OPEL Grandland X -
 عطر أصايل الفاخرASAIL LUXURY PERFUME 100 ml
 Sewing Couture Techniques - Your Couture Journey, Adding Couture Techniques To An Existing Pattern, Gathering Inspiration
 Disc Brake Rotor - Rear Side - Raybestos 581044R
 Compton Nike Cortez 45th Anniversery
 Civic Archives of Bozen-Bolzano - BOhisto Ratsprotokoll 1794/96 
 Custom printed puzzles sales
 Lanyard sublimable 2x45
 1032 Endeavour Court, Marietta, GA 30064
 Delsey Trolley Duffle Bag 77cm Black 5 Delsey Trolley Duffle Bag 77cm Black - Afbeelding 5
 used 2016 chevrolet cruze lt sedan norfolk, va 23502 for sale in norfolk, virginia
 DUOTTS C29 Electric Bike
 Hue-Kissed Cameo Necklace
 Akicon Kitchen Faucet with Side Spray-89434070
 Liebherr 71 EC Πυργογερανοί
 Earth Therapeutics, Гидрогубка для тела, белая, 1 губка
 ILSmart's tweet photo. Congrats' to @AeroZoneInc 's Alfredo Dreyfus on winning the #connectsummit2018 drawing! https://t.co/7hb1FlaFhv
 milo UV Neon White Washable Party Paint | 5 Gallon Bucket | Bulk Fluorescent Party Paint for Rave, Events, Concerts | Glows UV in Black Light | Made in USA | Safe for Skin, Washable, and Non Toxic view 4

TASK REQUIREMENTS:
Where a line of the records includes "Side", copy it.

RESPONSE TO THE TASK:
 Disc Brake Rotor - Rear Side - Raybestos 581044R
 Akicon Kitchen Faucet with Side Spray-89434070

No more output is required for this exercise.